Search Terms and Challenges

Thinking About Your Search Topic

Searching engineering topics can be frustrating --- result sets seem to be either HUGE or tiny.  Besides finding the right place to search, finding the right terms can take time and patience. 

Here are several things to try:

  • Use synonyms
  • Use broader terms
  • Add in other terms to try to focus the search
  • Check the defaults of the search interface.  They may not be as you expect; words may be searched as a phrase
  • Look at the indexing terms of search results that are good matches
  • Use limits
  • Follow citations to see what publications cite an earlier work you've found valuable.

 

You might have this kind of situation:

Are there books or research articles on the treaded track component of small construction vehicles?  Searching "treads" brings in tires and we weren't thinking of tires. "Tracks" includes trains.  "Tanks" (thinking of how military tanks have treaded tracks) finds all sorts of unrelated kinds of tanks. 

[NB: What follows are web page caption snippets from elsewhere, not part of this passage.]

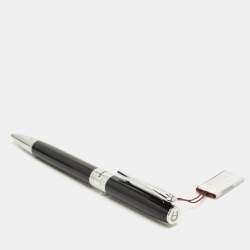 Pre Owned Aigner Black Resin Silver Tone Ballpoint Pen
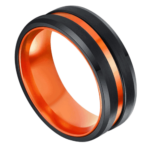 Attitudine - Anello da uomo in tungsteno - Nero e arancione 8 mm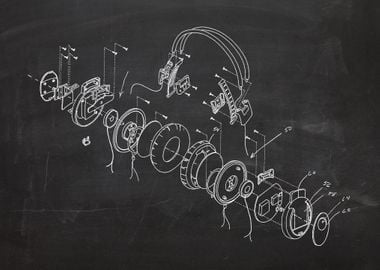 Headphones Blackboard Drawing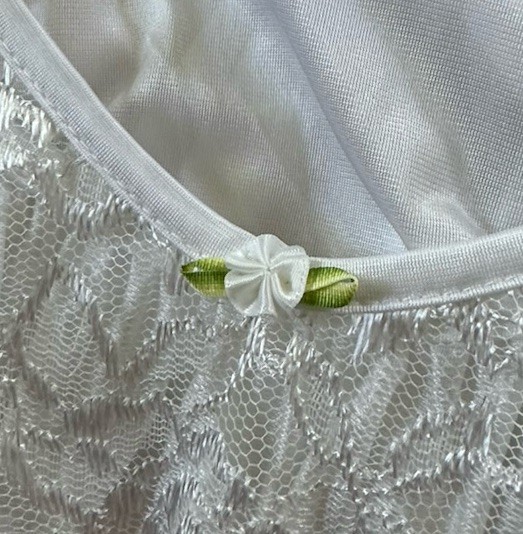 Koret White Nylon and Lace Nightgown Bridal Boudoir Romantic Vintage Medium USA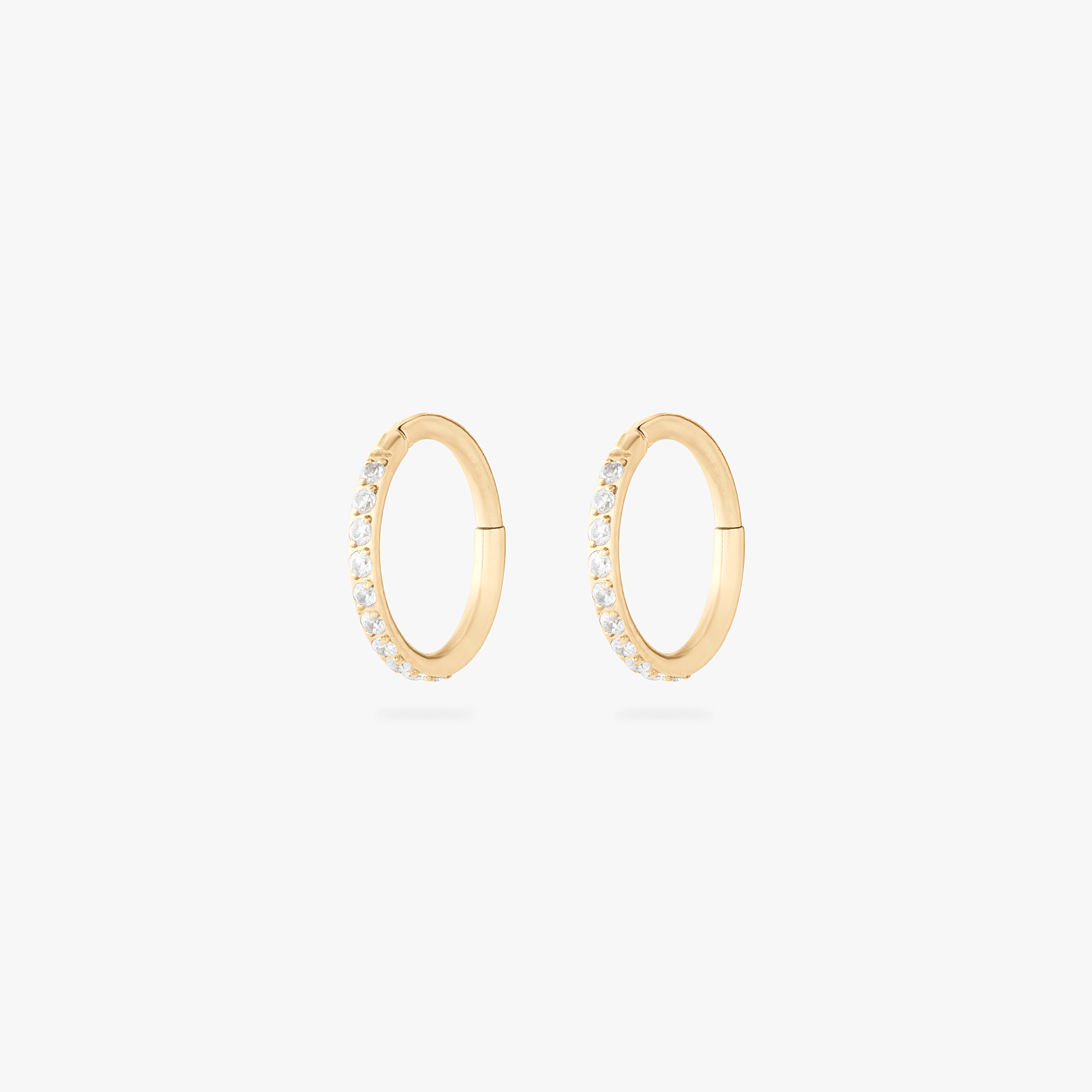 8mm seamless pave clicker in gold [pair] color:null|gold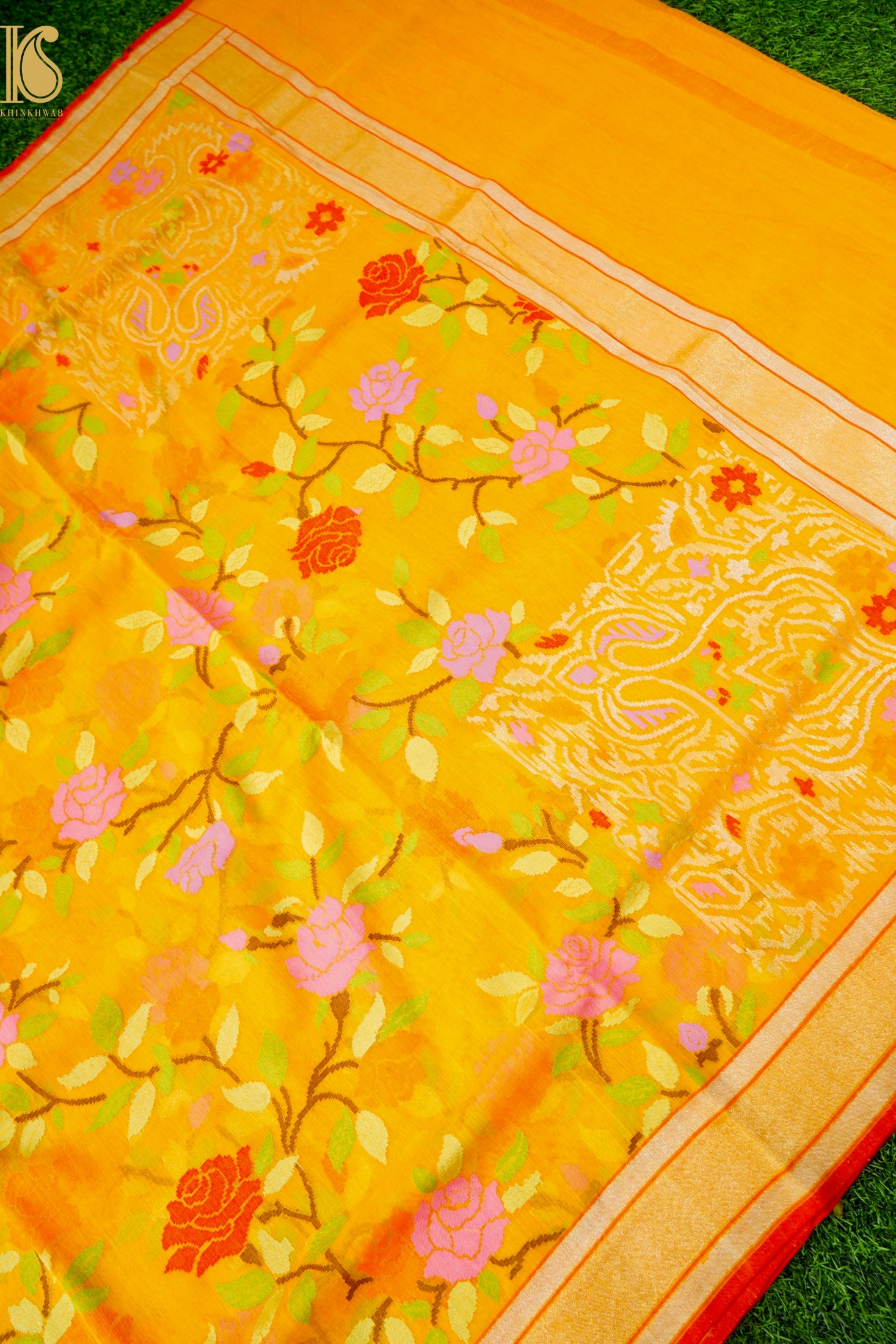 Pitambari Handloom Banarasi Real Silver Zari Cotton Saree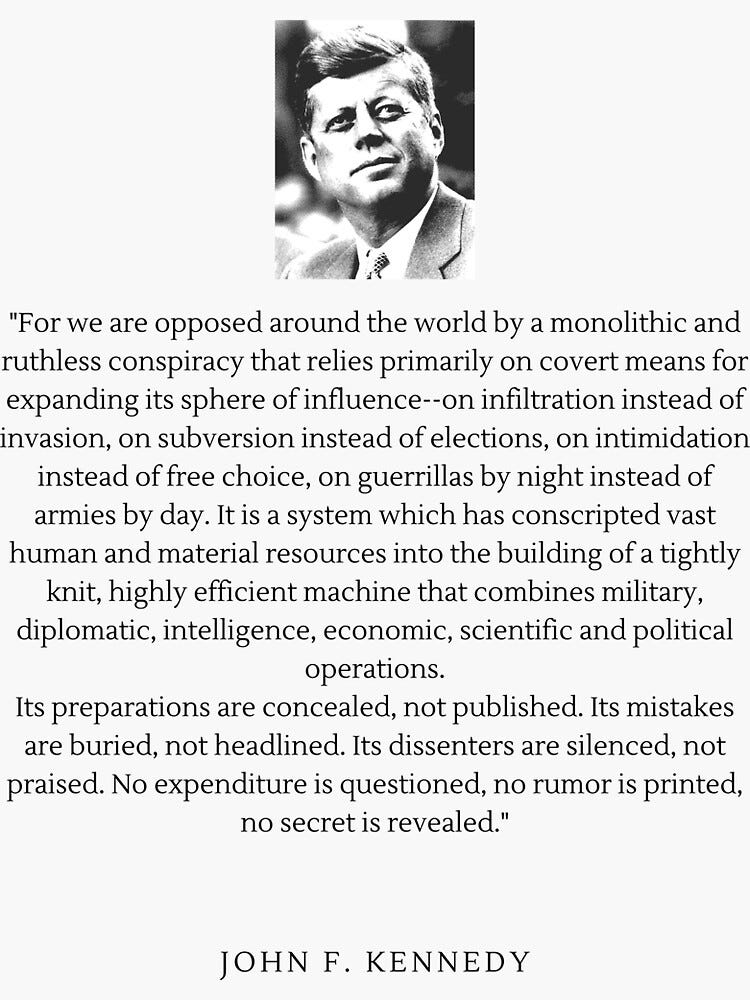 JFK quote: "For we are opposed around the world by a monolithic and  ruthless conspiracy... | Sticker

Internet browsing suggests "crawler" for the vehicle and "continuous track" to help distinguish the type of track.  Or maybe "rubber tracked" to specify the kind of track (not for trains) if rubber is being used.  "Tracked vehicle" seems useful for identifying the right (broader) class of vehicles.  Testing helps us see how terms perform and help lead to new words.

  • Google Books can help with testing and finding words and phrases in books.
  • Compendex lets you test and find while exploring the language of engineering research papers.

An addendum: An expert --- a faculty member who had done research in this area --- told us of using the phrase "track-laying vehicle" in his resarch group!